题目:
Given an array of integers that is already sorted in ascending order, find two numbers such that they add up to a specific target number.
The function twoSum should return indices of the two numbers such that they add up to the target, where index1 must be less than index2.
Note:
- Your returned answers (both index1 and index2) are not zero-based.
- You may assume that each input would have exactly one solution and you may not use the same element twice.
题目:
在有序数组中找出两个数,使它们的和为 target。
解题思想:
使用双指针,一个指针指向值较小的元素,一个指针指向值较大的元素。指向较小元素的指针从头向尾遍历,指向较大元素的指针从尾向头遍历。

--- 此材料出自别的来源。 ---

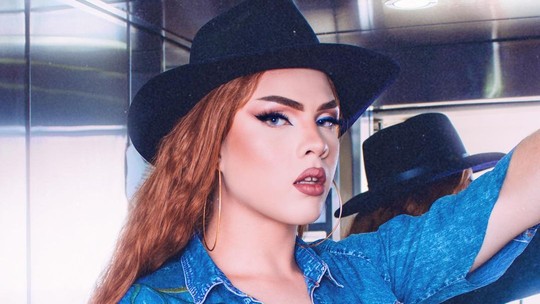 Quem é a drag queen sertaneja que quer quebrar barreiras - Foto: (Reprodução/Instagram)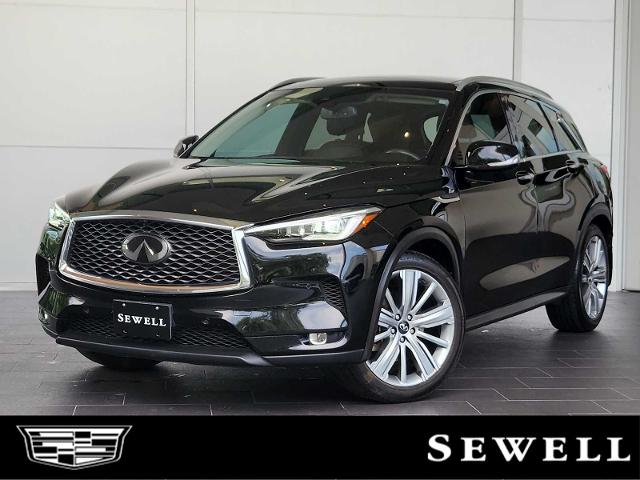 2021 INFINITI QX50 Vehicle Photo in HOUSTON, TX 77079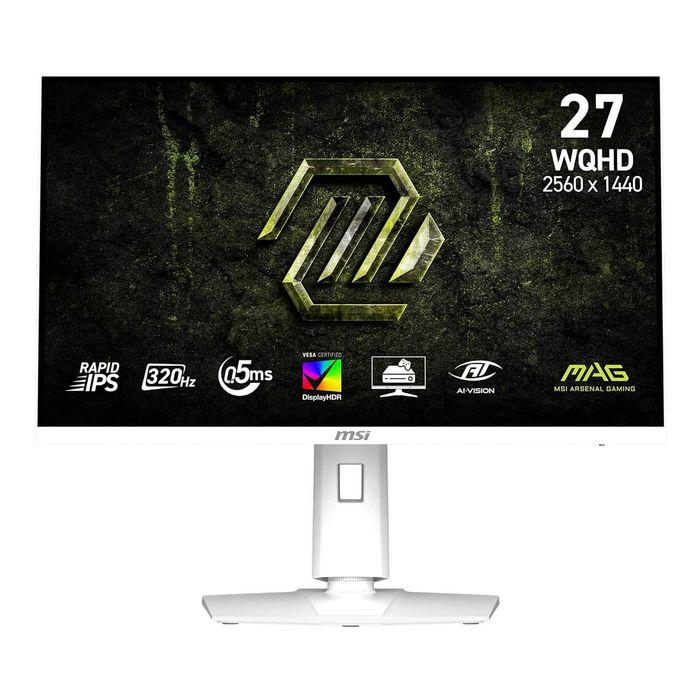 Monitor MSI MAG 27 IPS QHD 320Hz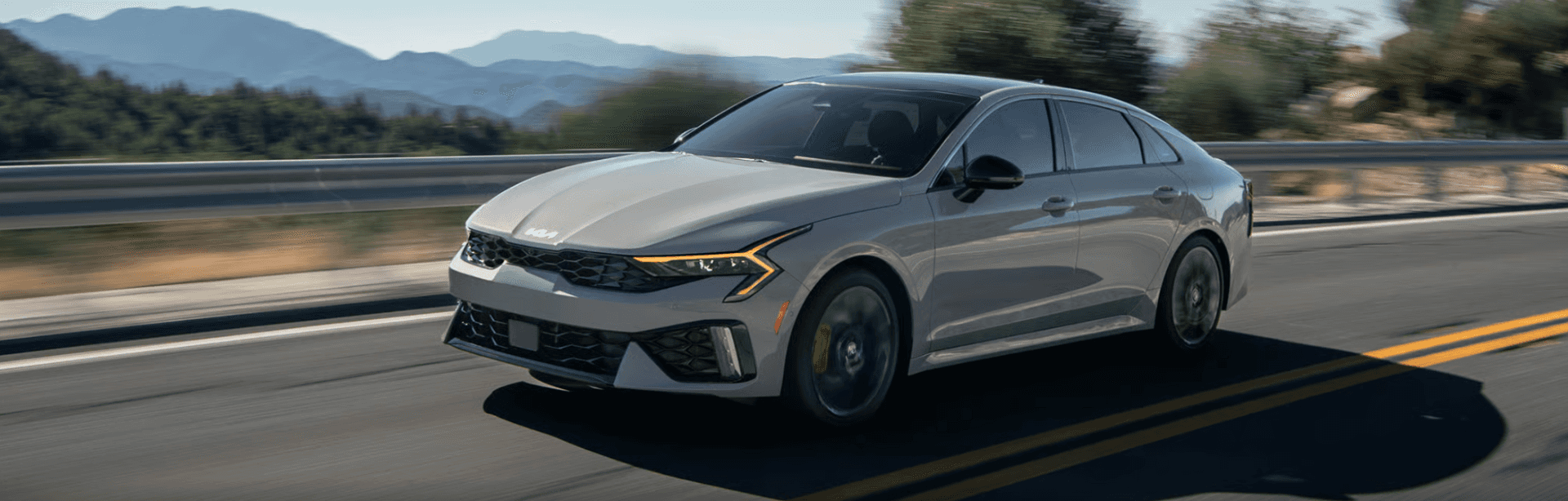 2026 Kia K5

- 如果两个指针指向元素的和 等于 target,那么返回两个指针所指数组的下标+1;
- 如果 两个指针指向元素的和大于 target,移动较大的元素,使 和变小一些;
- 如果 两个指针指向元素的和 小于 target,移动较小的元素,使 和 变大一些。
代码:
package Leetcode_Github;
public class TwoPoints_TwoSumII_167_1031 {
public int[] twoSum(int[] numbers, int target) {
int[] result = new int[2];
if (numbers.length < 2) {
return result;
}
int length = numbers.length;
int small = numbers[0];
int big = numbers[length-1];
for (int i = 0, j = length-1; i < numbers.length && j > 0 && j > i; ) {
if (small + big == target) {
result[0] = i + 1;
result[1] = j + 1;
break;
}
if (small + big > target) {
j--;
}
if (small + big < target) {
i++;
}
small = numbers[i];
big = numbers[j];
}
return result;
}
测试函数:
public static void main(String[] args) {
int[] array = {2, 7, 11, 15};
int target = 9;
TwoPoints_TwoSumII_167_1031 test = new TwoPoints_TwoSumII_167_1031();
int[] result = test.twoSum(array, target);
System.out.println(result[0] + " " + result[1]);
}
}